Komposisi keruwetan skripsi antara lain: judul
berkali-kali ditolak, penulisan proposal tersendat-sendat, referensi susah,
dosen pembimbing menetapkan kualitas tulisan tinggi, dan, akibatnya, penulisan
lebih lanjut sering kali buntu. Semua susunan itu lambat laun mengendap menjadi
sekam emosi dalam diri mahasiswa dan jika kita nekat bertanya ia sudah sampai
bab berapa, ia sudah siap mengeluarkan endapan sekam kemarahan itu dan dengan
jelas atau tidak, menghendaki sebuah jawab, “Tutup mulutmu dan kerjakan saja
urusanmu, Bangsat!”
Saya serius, pertanyaan “sudah bab
berapa?” tidak bisa direspon dengan santai oleh mahasiswa yang tidak bisa
mengendalikan kedewasaannya. Seolah pertanyaan bab berapa seperti pertanyaan
kapan mati yang merusak standar kesopanan. Awalnya saya sedih skripsi merubah
perangai kawan-kawan saya menjadi sensitif, tapi bagaimanapun itu bukan salah
skripsi.
Biasanya, sikap di atas diwakili
oleh mereka yang memiliki tingkat kecerdasan emosi dan intelektual rendah. Masih
ada jenis mahasiswa lain: kecerdasan emosi tinggi, intelektual rendah; emosi
rendah, intelektual tinggi; emosi tinggi, intelektual tinggi.

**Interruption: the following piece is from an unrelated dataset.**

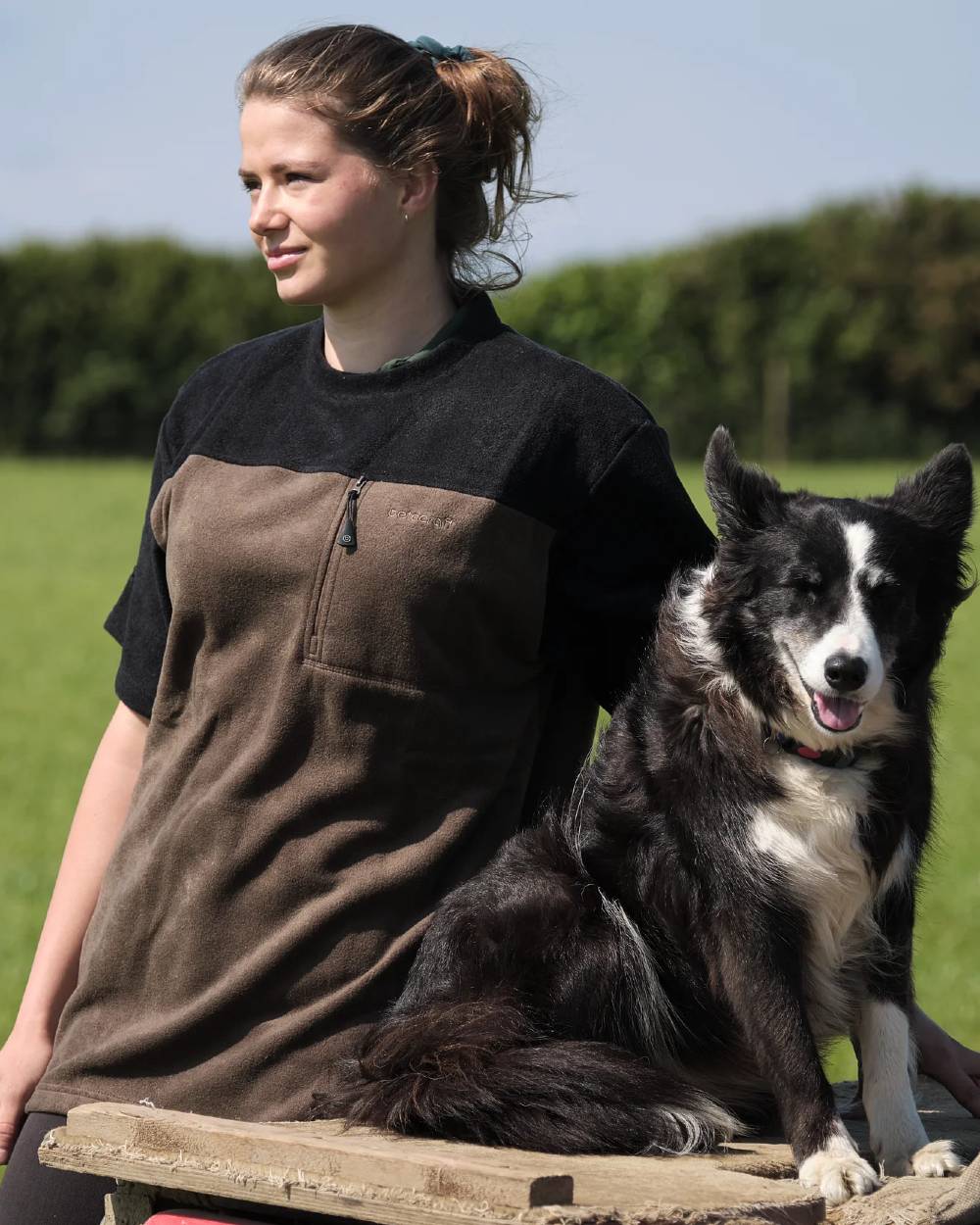 Olive coloured Betacraft Quest ECO Fleece T-Shirt on grass background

Tentu saja sifat asli mahasiswa
lebih kompleks dari pembagian ngawur saya di atas, tapi setidaknya itu sudah
mewakili cukup banyak mahasiswa. Dan jenis-jenis itu menentukan cara mereka
berhubungan dengan skripsi.
Jika contoh sebelumnya adalah mahasiswa
kelompok pertama, mari kita lihat contoh kedua. Mahasiswa dengan golongan emosi
tinggi dan intelektual rendah, cenderung bersikap kalem terhadap apa-apa yang
menghalangi urusan skripsi mereka. Judul ditolak berarti mencoba cari lagi,
bahan-bahan penelitian susah ya pantang menyerah, dosen terus main petak umpet
ia tetap bersabar. Masalah mereka mungkin di bidang intelektual dan bisa
diakali dengan bimbingan dosen maupun bantuan teman-temannya. Jika ditanya bab
berapa, mereka akan santai saja menjawab.

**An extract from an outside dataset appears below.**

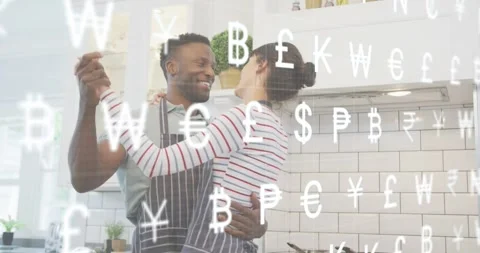Man guiding partner in slow kitchen dance after locking eyes, with floating Stock Footage 317793881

Ketiga, mahasiswa ber-emosi rendah,
intelektual tinggi. Makhluk ini pasti tidak memiliki masalah dengan sesuatu
yang menyangkut konten skripsi. Judul ditolak ya bikin lagi, bahan tidak memadai
bisa mengandalkan kecerdasannya, dosen rumit ia bisa mengimbangi. Masalahnya
mereka mudah meledak-ledak dan mudah emosi dalam menghadapi hambatan di atas.
Dan jika anda bertanya ia sudah bab berapa pada saat kondisi emosinya parah,
anda bisa kehilangan rupa ramahnya.
Golongan ini cukup banyak jumlahnya,
silakan anda lihat daftar ilmuan terkenal dunia, banyak di antara mereka yang
mudah marah oleh pemicu yang benar-benar sepele.

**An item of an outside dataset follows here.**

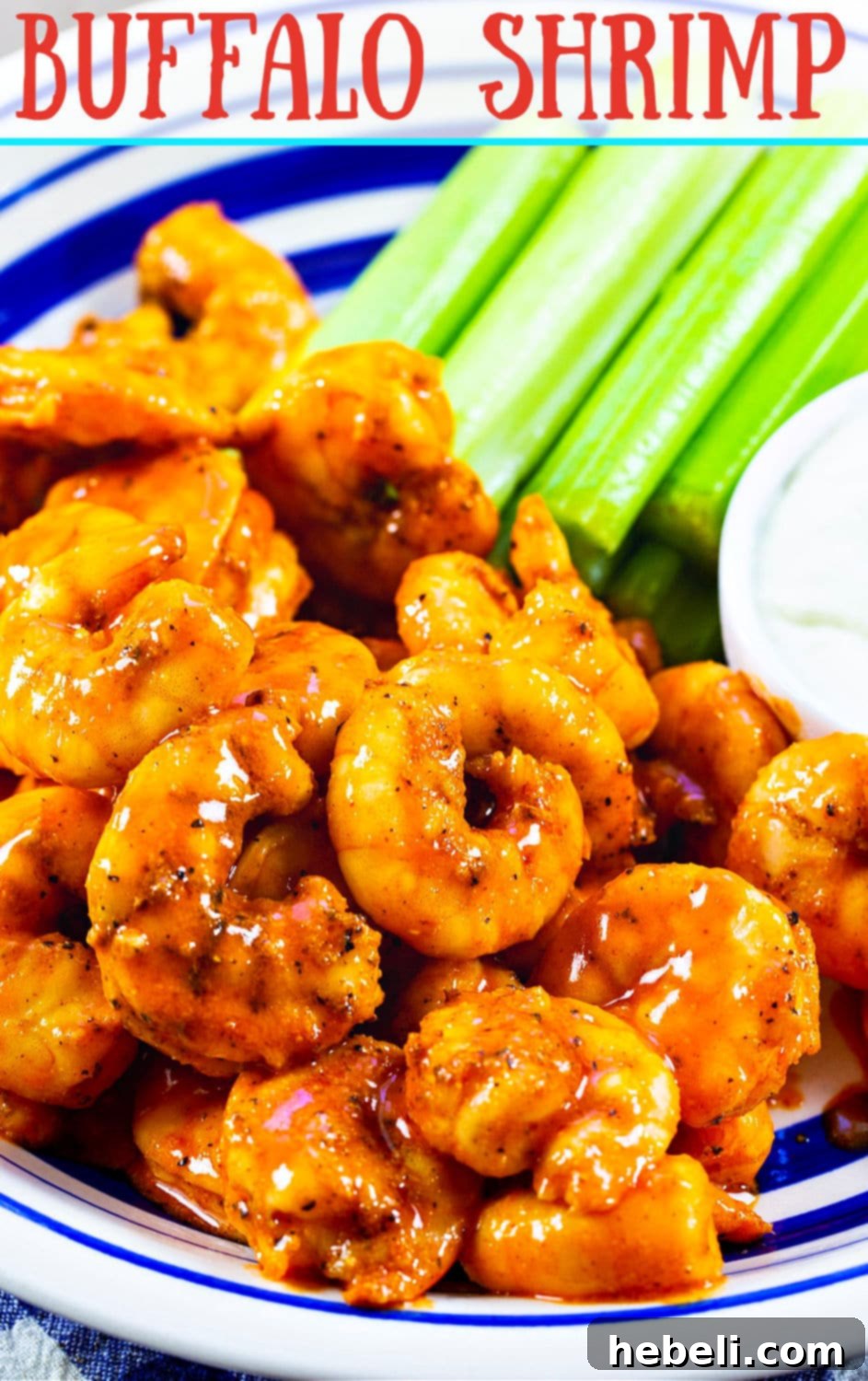 Close-up of broiled Buffalo Shrimp, glistening with buttery sauce, showcasing the seasoning and tender texture.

Keempat, mahasiswa dengan emosi
tinggi, dan intelektual tinggi. Bisa dibilang makhluk ini karakter paling susah
ditemui. Anda tahu, kecerdasan emosi tidak muncul dari bumi dan kecerdasan
intelektual tidak jatuh dari langit, butuh ketekunan melatih jiwa, membuka buku,
dan terus belajar. Dan kelompok ini, jika menghadapi berbagai keruwetan skripsi, mereka kalem-kalem
saja.
Mereka tidak punya beban di bidang
intelektual dan, jika menghadapi kesulitan eksternal, emosi mereka bisa
diandalkan. Kita bisa bertanya sudah bab berapa atau bertanya apapun pada
mereka dan mereka akan selalu merespon dengan positif.
Kita semua memiliki kecenderungan
untuk mengidentifikasi diri termasuk golongan terakhir. Sah-sah saja.
Bagaimanapun realitas selalu kompleks dan mahasiswa bisa berada sedikit di kelompok
pertama dan kelompok ketiga sekaligus. Atau sebaliknya.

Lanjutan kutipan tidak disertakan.